Although briefly, I did push hands with Boyd and some of his top students five years ago when I went to his yearly 3-day camp in September 2007.  The camp was held in Eagle Camp in South Hero Island, VT.  For the pushing hands, we went to the camp's tennis courts.  One of the senior students that I push with was Kevin Costa, who has a snake style school.  This guy is from the Bronx and I remember him because he also tried to recruit me to join the snake style network.
There was nothing remarkable about the experience of pushing hands "snake style" except that there was no power at all, no sweat, no heavy limbs, no explanation of internal principles (intent, connection, CABR, etc.) or body structure.  There were no external signs of internal power.  As Sonny put it when I explained my experience to him, they have "no pop."  And there was absolutely nothing internal going on.  Their push hands was a mere external imitation of advanced forms real push hands.  They pretty much saw it as an exercise of relaxation, to feel the partner.  In fact, this guy Costa went as far as saying that Power push hands does nothing for the one pushing (A).  He gave me the shoulder, couldn't push/move me and said "what that does for me? nothing." 
It's funny, because I do remember Boyd talking about the so called "internal principles of the snake style" in connection to the form (e.g., the Qua), but not in relation to push hands.  This shows no unity in his system.

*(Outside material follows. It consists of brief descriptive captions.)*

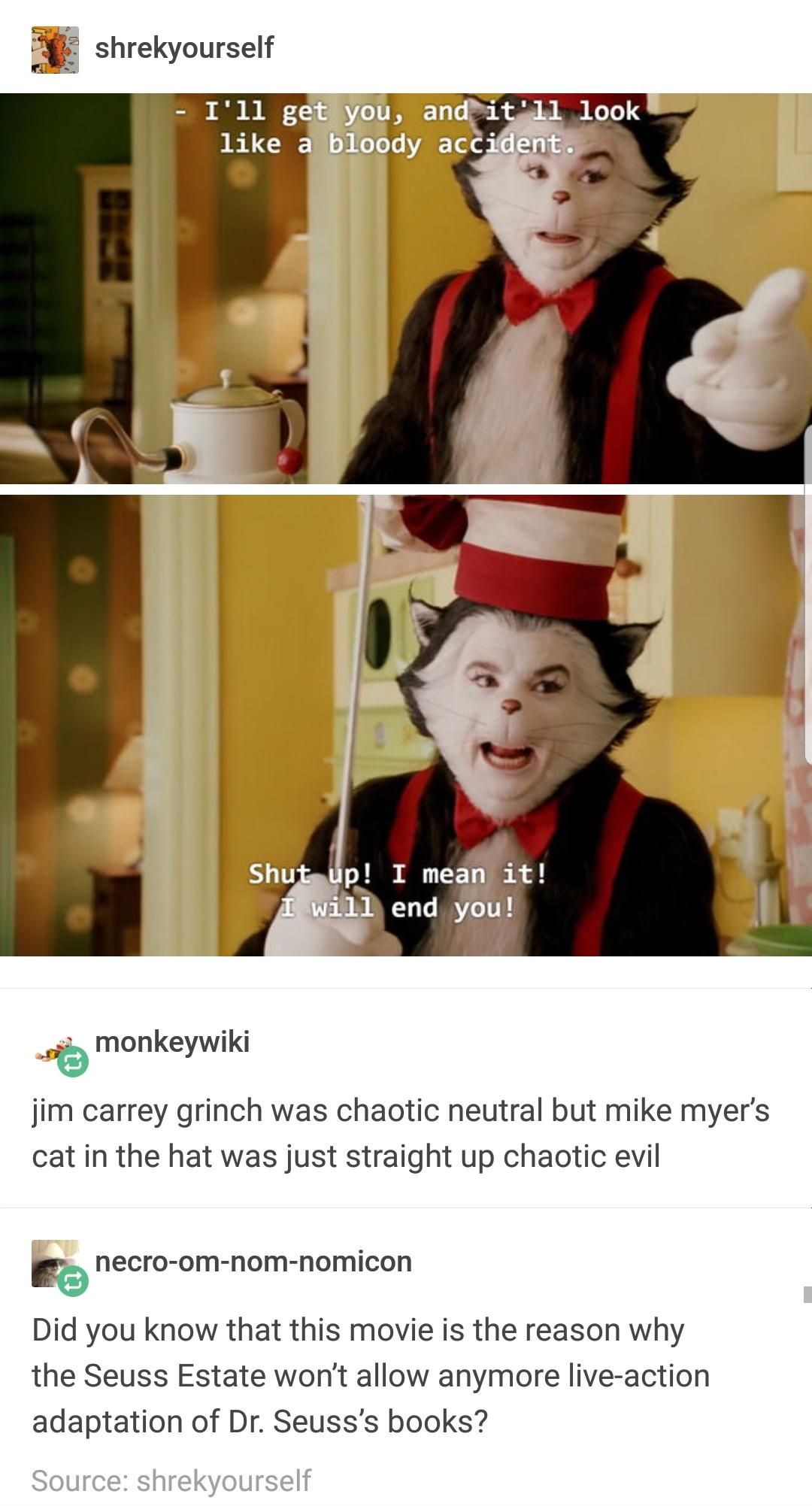 Chaotic evil cat in the hat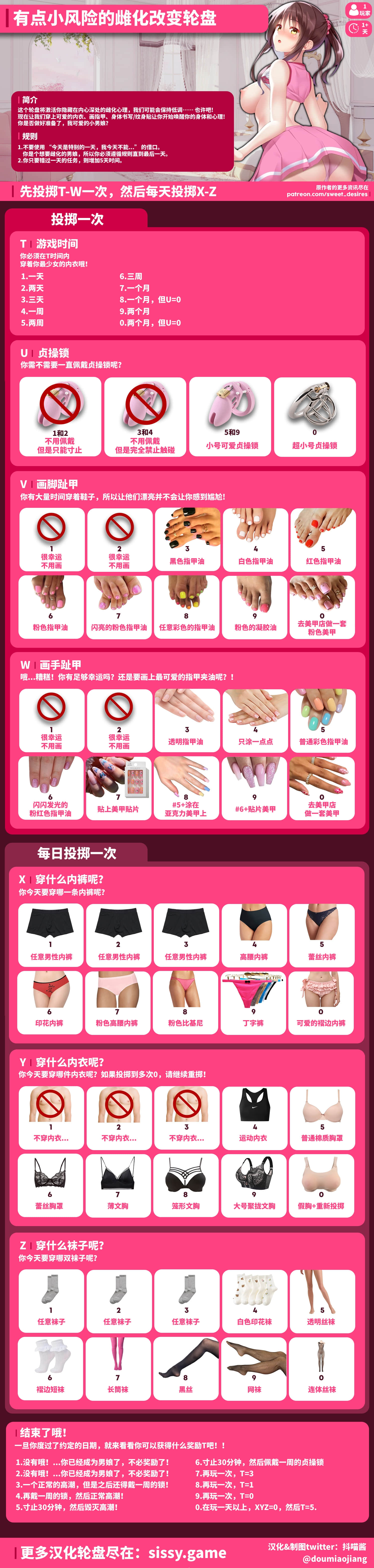 有點小風險的雌化改變輪盤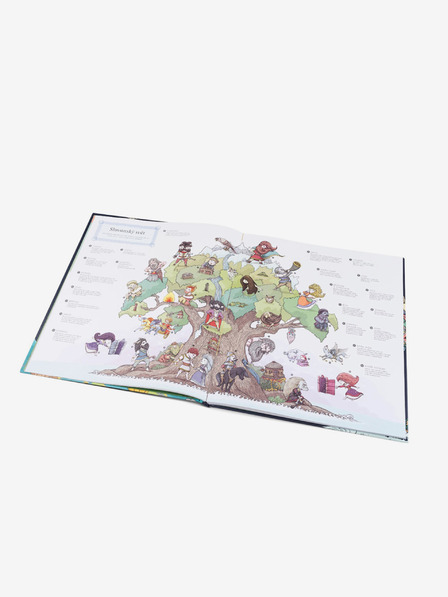 ELLA & MAX АТЛАС НА МИТОВЕТЕ - Митичният свят на боговете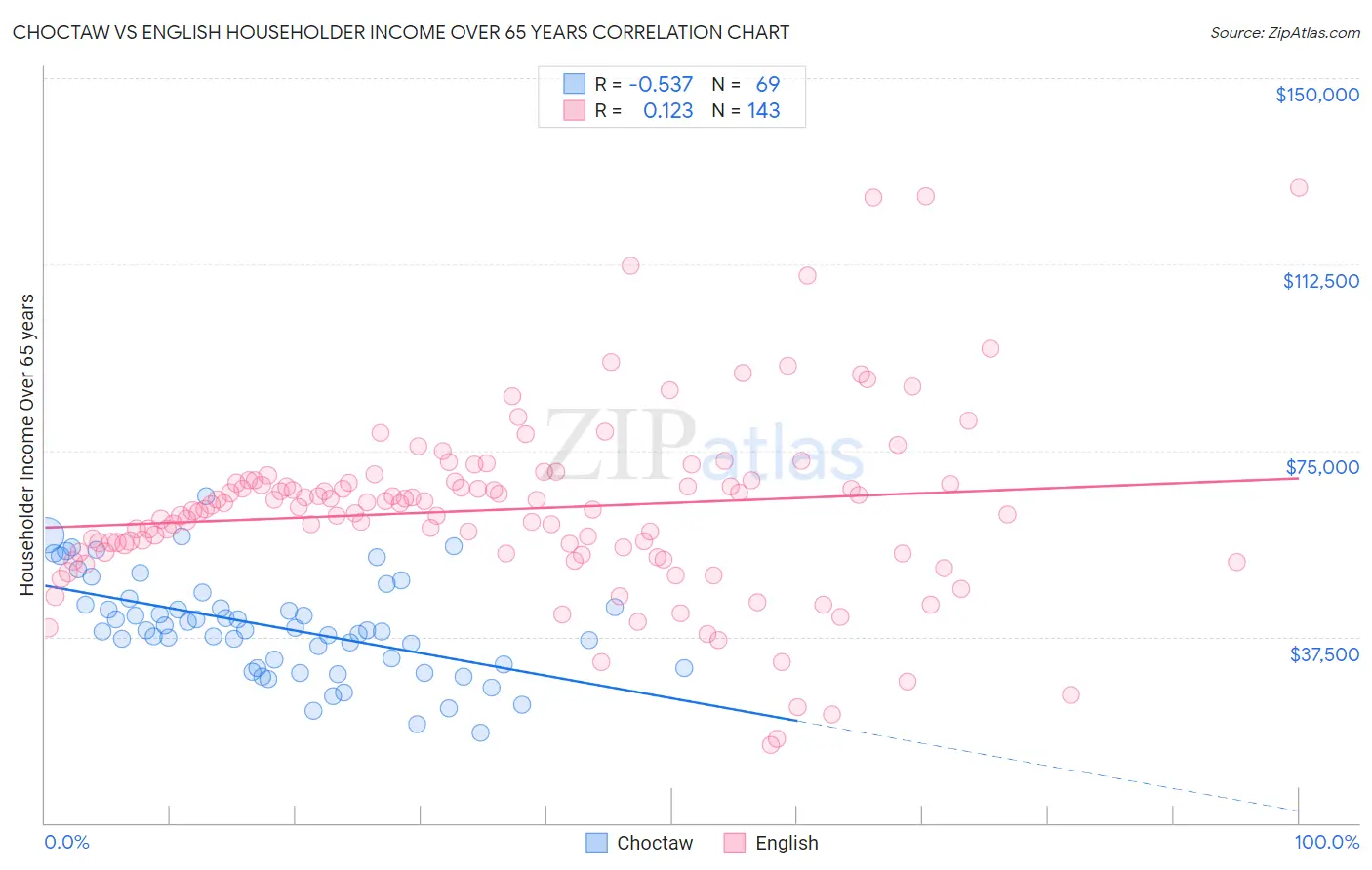Choctaw vs English Householder Income Over 65 years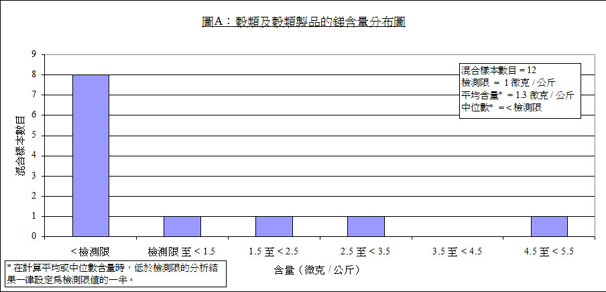 穀類及穀類製品的銻含量分布圖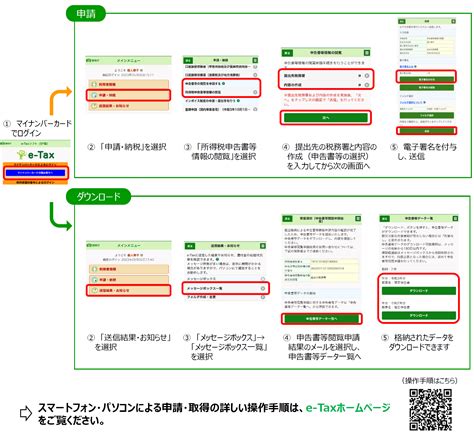 Image result for QR Code Scanner App Source Code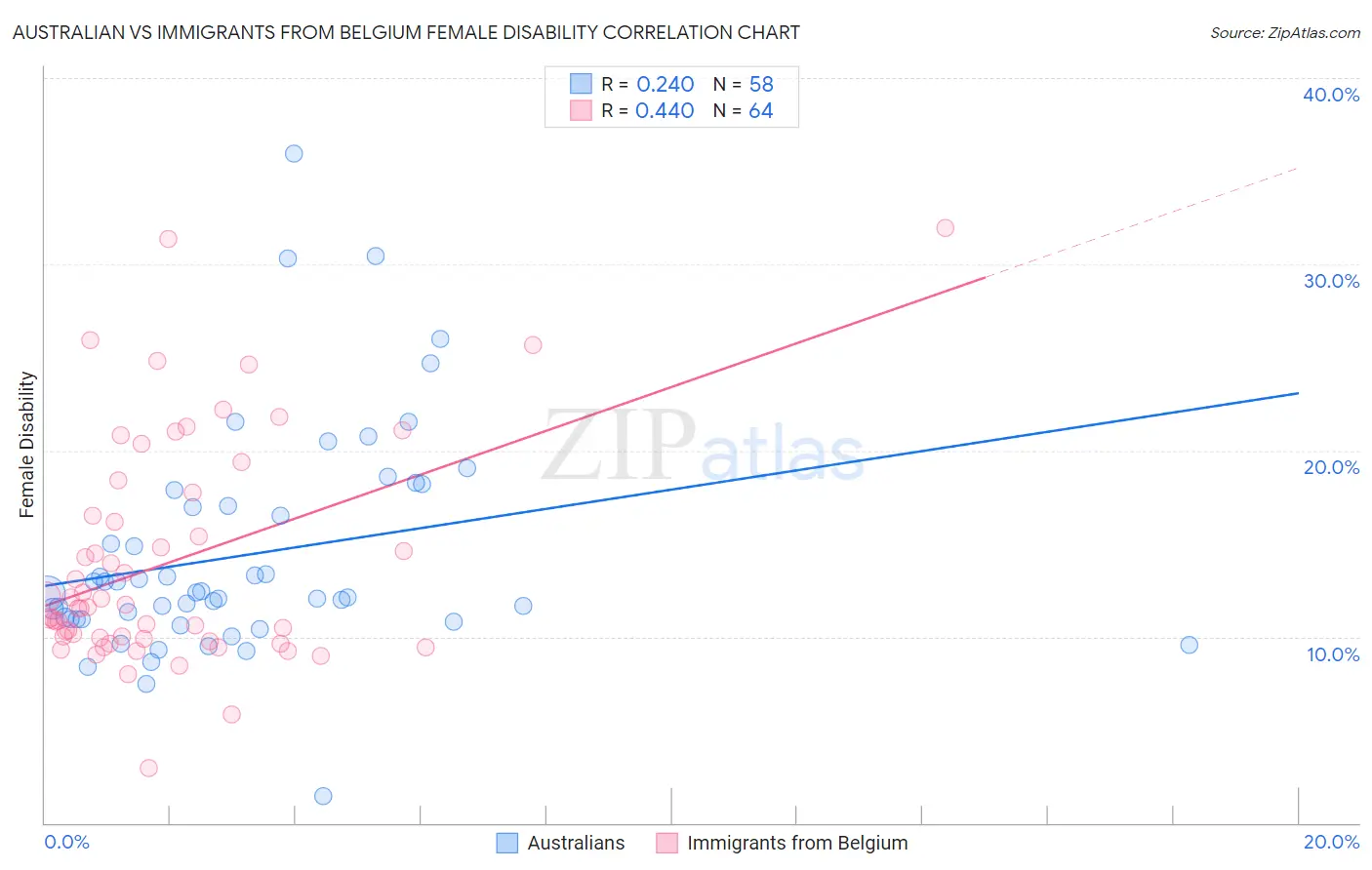 Australian vs Immigrants from Belgium Female Disability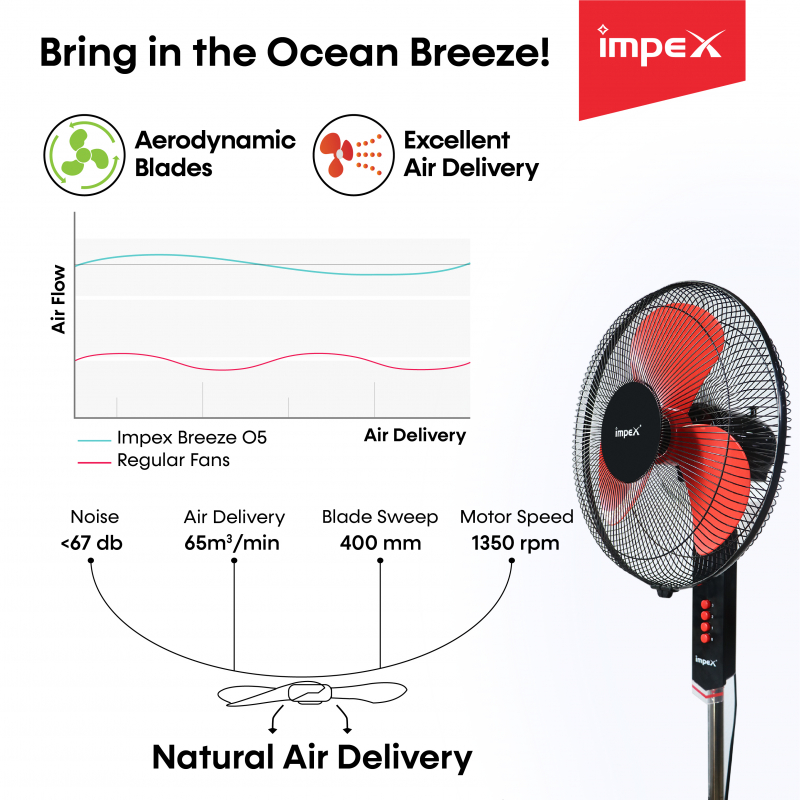 Breeze O5 | High Speed Pedestal Fan
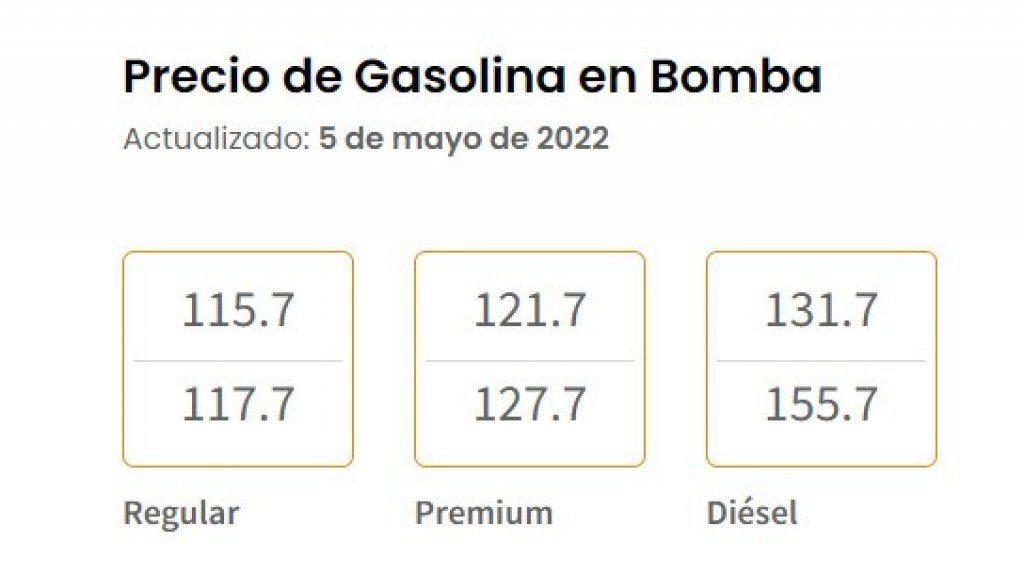  DACO publica precios máximos de gasolina por marca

The specific instance of pushing hands with Boyd happened when another of his senior students (those guys have been training with him since the 80's), was trying to show me a form of single-joint push hands.  Boyd was passing by and he did the "push hands drill" with me for a few minutes.  He pretty much explained the movement and that was it.  No word about intent, no principles; only an external form.  It was about imitating the movement and making it look good.  The push hands resembled push hands forms from chen style or wing chung that I have seen.  One thing that I remember is that nobody saw pushing hands with Bob Boyd as a privilege or something special like in our school when people come to class mainly to push with SIFU.  There were no special request like 'would you push me?' nor lines to push with the guy.  As a matter of fact, no one calls him "sifu" and nobody bows to him.
There are a lot of things in the snake style that are very different from our method of teaching.  For instance, there was an attempt of "teaching" the knife form in a few hours (it took me several months to learn the real knife form).  Of course, there was no attention to details (angles, chops, directions, feet movement, lines of power, the role of the left hand, etc.).  Once, we were doing the form and Boyd added a strange push as part of a transitional movement of the form, as if he had license to alter the form.  Another time, he was talking about the subject of energy and ended up saying: 'you just keep practicing with the hope that the power will come to you.'  I pretty much attended all the sessions of the camp except for an advance training session of chi gong for the seniors... students :)  By the second day of the camp, I have lost interest in what the snake style had to offer and spend more time admiring nature at South Hero and sleeping/resting to get ready for my upcoming week of Classical Tai Chi Chuan training in NYC. 
In fact, this whole experience of the snake style camp reminded me very much about the tale of the Six Blind Men and the Elephant that I read years earlier.  Actually, it is worst because it is not a misconception or fallacy of the real system but rather a well orchestrated commercial gimmick, as the attendance to this camp qualified the attendees to join the snake style network.  Good thing that I had trained with SIFU H. Won Gim for little over six months and was able to separate the wheat from the chaff.